“I picked up The Giver on a whim toward the end of elementary school. The cover image of a bearded old man wasn’t initially promising, yet that image kept coming back to me until I was finally overwhelmed with curiosity.” — Warren Zhang

Lois Lowry’s The Giver is basically baby’s first dystopian fiction, but that’s not meant as a slight against this epic work. It’s a book with that remarkable ability to reach kids — literature that’s perfectly comprehensible for the young without talking down to them.

The first time I read The Giver, I fell for the trap, hook, line and sinker. My thought process went a little something like this:

Dum dee dum, oh well isn’t this the very model of an enlightened society? What’s this, a career path carved out in stone for all of the community’s children? Well, if they’re happy, I guess that’s OK.

Wait, there are no emotions in this world? Wait, there’s no color in this world?

Wait … releasing means euthanasia? This utopia sucks.

As a kid, I didn’t particularly love novels. My literary diet consisted mostly of Magic Tree House and, honestly, didn’t evolve much beyond that until I was nearly in middle school.

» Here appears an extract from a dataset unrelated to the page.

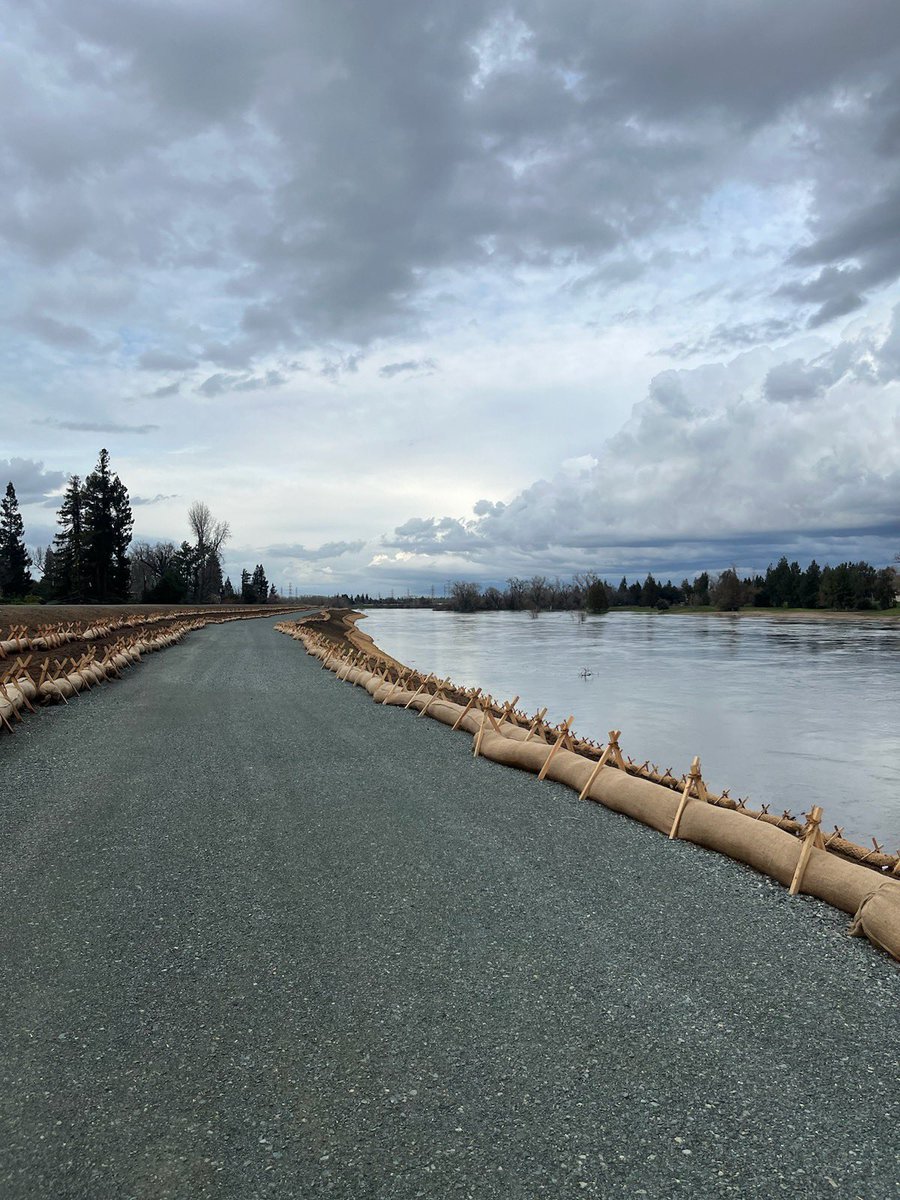 My siblings and I used to play in the woods that were paved over here along the American River. No more beautiful trees, gentle shade, soft soil, or life. It’s all gone. It’s too much for the soul to bear.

Sure, I read a fair number of more challenging books for class, but nothing within them made much of an impression, with few and fleeting exceptions.

I picked up The Giver on a whim toward the end of elementary school. The cover image of a bearded old man wasn’t initially promising, yet that image kept coming back to me until I was finally overwhelmed with curiosity.

Some concepts (and many words) initially flew over my head. No, I did not get that whole business about the main character Jonas having wet dreams after forgoing sex drive suppressants. But the ideas about individualism, about putting personal and creative expression above utilitarian goals, hit me hard.

The community’s habit of assigning careers and tightly modulating emotions seemed, on the surface, to be not necessarily a bad thing until Lowry slowly pulled the rug out from under me.

About the time Jonas found out what releasing truly meant, I began to wonder about what I wanted to do when I grew up and whether I actually liked the math and science my parents were subtly pushing me toward.

Growing up is such a weird and elusive process that pinpointing the exact moment it happens would be a fool’s errand. What I can say is that I read The Giver right around the time I stopped looking at the world through the boundlessly optimistic eyes of a child and starting questioning notions and things I once took for granted.

But, amid the sadness and the gloom, the book offers a moment of peculiar hope and reassurance. Of all the wonderful things about it, it’s the ending that most resonated with me.

The image of Jonas on that final snowy hill was incredibly evocative. It ended the story with closure, but also left enough ambiguity to allow my imagination to fill in the blanks.

Some of the magic was lost when I later read Gathering Blue and Messenger — the sequels that establish that Jonas did, in fact, survive after The Giver — but the initial ending still has a powerful hold on me.

Even though Jonas had lost everything he knew in his life, and even though his future was in terrible jeopardy, there would always be music in the world. Love, warmth and light.